Research Project: Intestinal Microbial Ecology and Metagenomic Strategies to Reduce Antibiotic Resistance and Foodborne Pathogens

Location: Food Safety and Enteric Pathogens Research

2020 Annual Report

1. Characterize the microbiome of swine and turkeys and investigate the effects of antibiotics and non-antibiotic feed additives on the expression and transmission of virulence, fitness or antimicrobial resistance genes in intestinal microbial populations. a.

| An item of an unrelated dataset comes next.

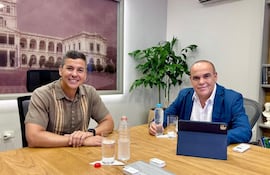 El atropello se da tras la reunión previa entre el presidente de la República, Santiago Peña y el del Congreso, Basilio "Bachi" Núñez.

Determine the effects of industry-relevant antibiotics on the swine and turkey gut microbiotas and host gut tissues. b. Test the efficacy of novel probiotics as non-antibiotic feed additives to improve gut health. 2. Assess the interaction of the intestinal immune system and commensal bacteria in swine and turkeys to determine how the microbiota or foodborne pathogens affect tissue innate immunity and acquired immunity, and evaluate non-antibiotic feed additives as an effective strategy to control colonization by foodborne pathogens. a. Characterize the host response to Campylobacter spp. colonization and subsequent changes in intestinal microbiota. b. Test whether microbiota-derived short-chain fatty acids (e.g., butyrate and proprionate) are involved in development of Treg cells in turkeys. 3. Evaluate environmental and host influences on gut bacterial ecological niches and foodborne pathogen control strategies, including vaccines, on phenotypic and genotypic characteristics of foodborne pathogens. a. Identify microbes that initially colonize turkey poults following hatching and evaluate how host development interacts with microbiota succession through the 14-week growth cycle. b. Develop and test novel mucosal vaccines for efficacy against Campylobacter spp. challenged turkeys.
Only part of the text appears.